While the UK dominates in
Europe
, Norway has also been very active. A large propeller-
type device, fixed to the sea-bed, has been tested at Kvalsund, and Hammerfest Strom and
Statoil have plans for a full scale unit. In addition, a large novel floating 'Morild' multi-rotor
tidal project is being developed by Hydra Tidal with support from Statkraft.
In France, Hydrohelix Energies have a 10kW demonstration ducted-rotor sea-bed
mounted project, and plans for a 1MW Marenegie programme in Brittany, while a German
company, Atlantis Strom, has developed a novel sea bed mounted horizontal axis rotor. In the
Netherlands, tests have been underway on the two bladed Tocardo turbine.

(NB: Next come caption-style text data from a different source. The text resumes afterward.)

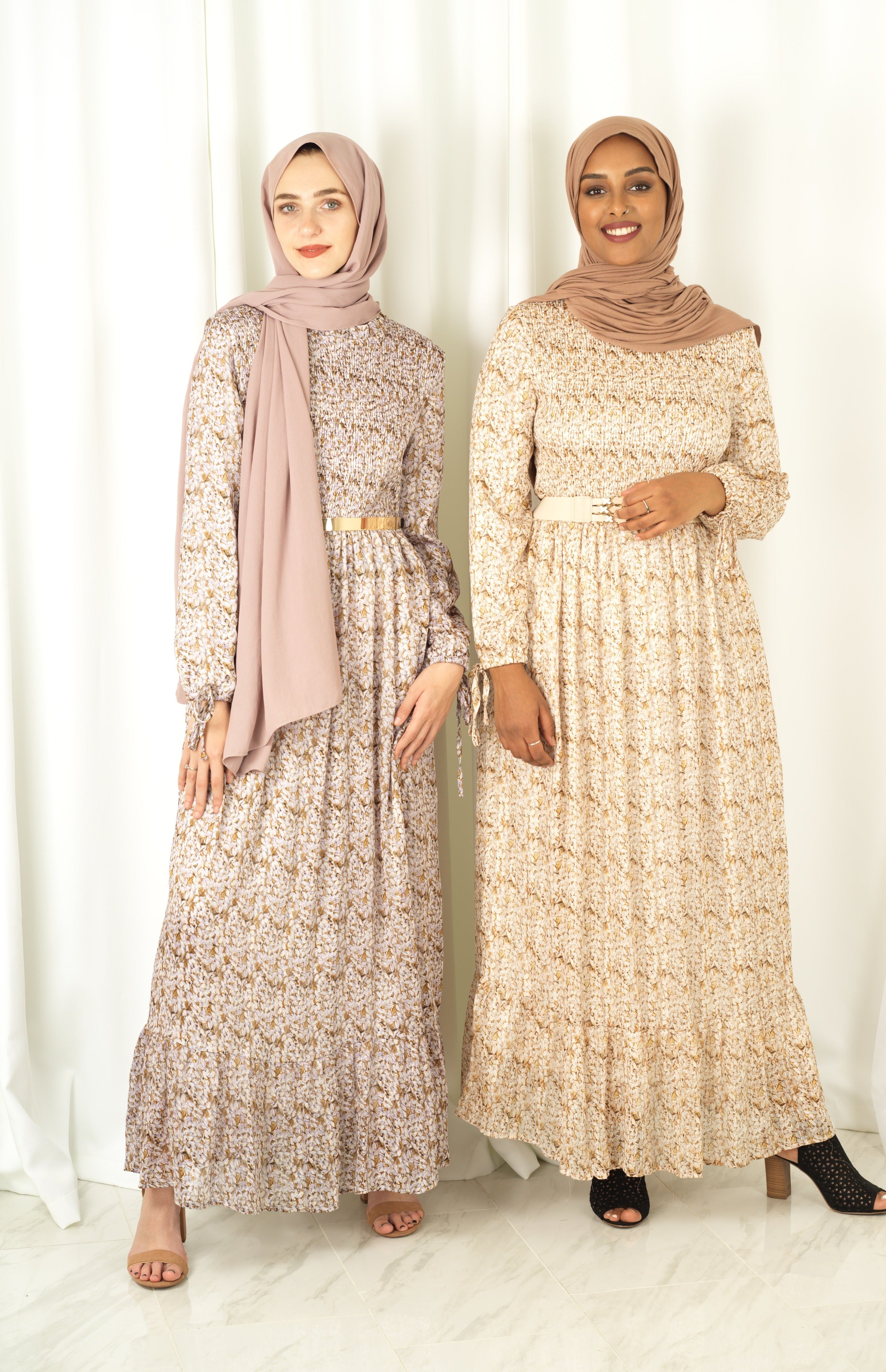 Jasmine petals Print Mock Neck Maxi dress Kabayare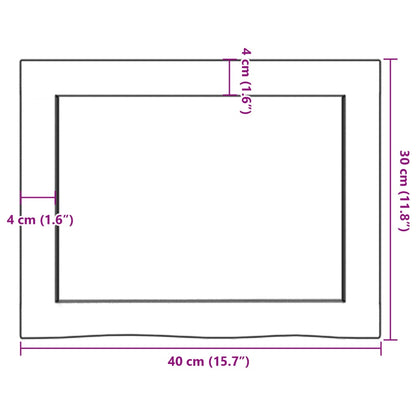 Ripiano Muro Marrone Scuro 40x30x(2-6) cm Massello Rovere Trattato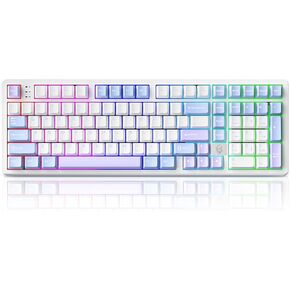 لوحة مفاتيح ميكانيكية LEOBOG HI98، لوحة مفاتيح سلكية للألعاب باللون الكريمي مع هيكل حشية مريح، لوحات مفاتيح RGB مخصصة قابلة للتبديل السريع لأجهزة Win/Mac/Android/Gamer - أرجواني، مفتاح Star Vector in Kuwait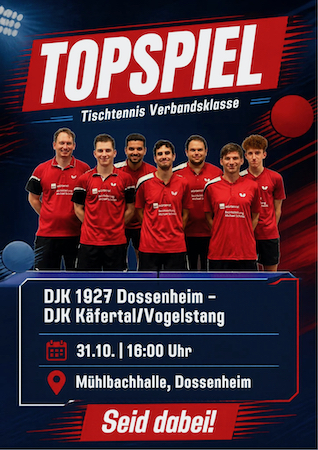 Unsere Erste gegen DJK Käfertal / Vogelstang am Samstag 31.10. 16:00 Uhr Mühlbachhalle – Seid dabei!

The EU backed Enemar project in Italy has led to test with a novel vertical-axis Kobald
turbine in the straits of Messina, between Sicily and mainland Italy. Interests has been shown
in this system by China, which is looking at possible project in the Straits of Jintang in the
Zhoushan Archipelaga.
Finally, Russia has also continued its involvement with tidal power, via experiments in
the Arkhangelsk region with a 1.5MW turbine developed by Hydro WGC and mounted in a
floating pontoon.
The Prospects for Tidal Power
Tidal energy is now becoming recognised as a major potential renewable energy source.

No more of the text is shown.